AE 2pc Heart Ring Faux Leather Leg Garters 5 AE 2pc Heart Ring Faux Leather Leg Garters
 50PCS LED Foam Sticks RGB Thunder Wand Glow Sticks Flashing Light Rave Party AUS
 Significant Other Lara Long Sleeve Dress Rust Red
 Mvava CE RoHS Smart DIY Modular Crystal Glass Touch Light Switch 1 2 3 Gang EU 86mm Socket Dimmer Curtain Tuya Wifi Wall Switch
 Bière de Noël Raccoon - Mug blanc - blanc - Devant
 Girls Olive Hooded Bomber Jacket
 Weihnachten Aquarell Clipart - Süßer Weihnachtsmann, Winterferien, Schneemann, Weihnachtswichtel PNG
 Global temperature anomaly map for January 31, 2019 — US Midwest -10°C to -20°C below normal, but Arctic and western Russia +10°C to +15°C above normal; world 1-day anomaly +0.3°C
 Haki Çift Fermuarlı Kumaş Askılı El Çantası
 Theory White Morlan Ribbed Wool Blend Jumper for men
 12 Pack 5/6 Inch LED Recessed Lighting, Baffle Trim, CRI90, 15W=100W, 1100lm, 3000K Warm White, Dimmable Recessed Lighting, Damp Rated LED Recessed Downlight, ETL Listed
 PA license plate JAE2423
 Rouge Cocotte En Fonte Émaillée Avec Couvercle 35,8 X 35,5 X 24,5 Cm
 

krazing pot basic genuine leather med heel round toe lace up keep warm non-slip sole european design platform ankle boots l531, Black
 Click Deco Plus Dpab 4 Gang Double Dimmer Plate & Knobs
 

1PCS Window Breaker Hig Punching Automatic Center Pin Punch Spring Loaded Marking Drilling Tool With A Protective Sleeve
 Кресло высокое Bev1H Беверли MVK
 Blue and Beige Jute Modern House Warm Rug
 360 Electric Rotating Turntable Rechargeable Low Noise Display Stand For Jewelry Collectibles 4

| Task brief |
Word for word, give back the data shown above.

| Expected answer |
AE 2pc Heart Ring Faux Leather Leg Garters 5 AE 2pc Heart Ring Faux Leather Leg Garters
 50PCS LED Foam Sticks RGB Thunder Wand Glow Sticks Flashing Light Rave Party AUS
 Significant Other Lara Long Sleeve Dress Rust Red
 Mvava CE RoHS Smart DIY Modular Crystal Glass Touch Light Switch 1 2 3 Gang EU 86mm Socket Dimmer Curtain Tuya Wifi Wall Switch
 Bière de Noël Raccoon - Mug blanc - blanc - Devant
 Girls Olive Hooded Bomber Jacket
 Weihnachten Aquarell Clipart - Süßer Weihnachtsmann, Winterferien, Schneemann, Weihnachtswichtel PNG
 Global temperature anomaly map for January 31, 2019 — US Midwest -10°C to -20°C below normal, but Arctic and western Russia +10°C to +15°C above normal; world 1-day anomaly +0.3°C
 Haki Çift Fermuarlı Kumaş Askılı El Çantası
 Theory White Morlan Ribbed Wool Blend Jumper for men
 12 Pack 5/6 Inch LED Recessed Lighting, Baffle Trim, CRI90, 15W=100W, 1100lm, 3000K Warm White, Dimmable Recessed Lighting, Damp Rated LED Recessed Downlight, ETL Listed
 PA license plate JAE2423
 Rouge Cocotte En Fonte Émaillée Avec Couvercle 35,8 X 35,5 X 24,5 Cm
 

krazing pot basic genuine leather med heel round toe lace up keep warm non-slip sole european design platform ankle boots l531, Black
 Click Deco Plus Dpab 4 Gang Double Dimmer Plate & Knobs
 

1PCS Window Breaker Hig Punching Automatic Center Pin Punch Spring Loaded Marking Drilling Tool With A Protective Sleeve
 Кресло высокое Bev1H Беверли MVK
 Blue and Beige Jute Modern House Warm Rug
 360 Electric Rotating Turntable Rechargeable Low Noise Display Stand For Jewelry Collectibles 4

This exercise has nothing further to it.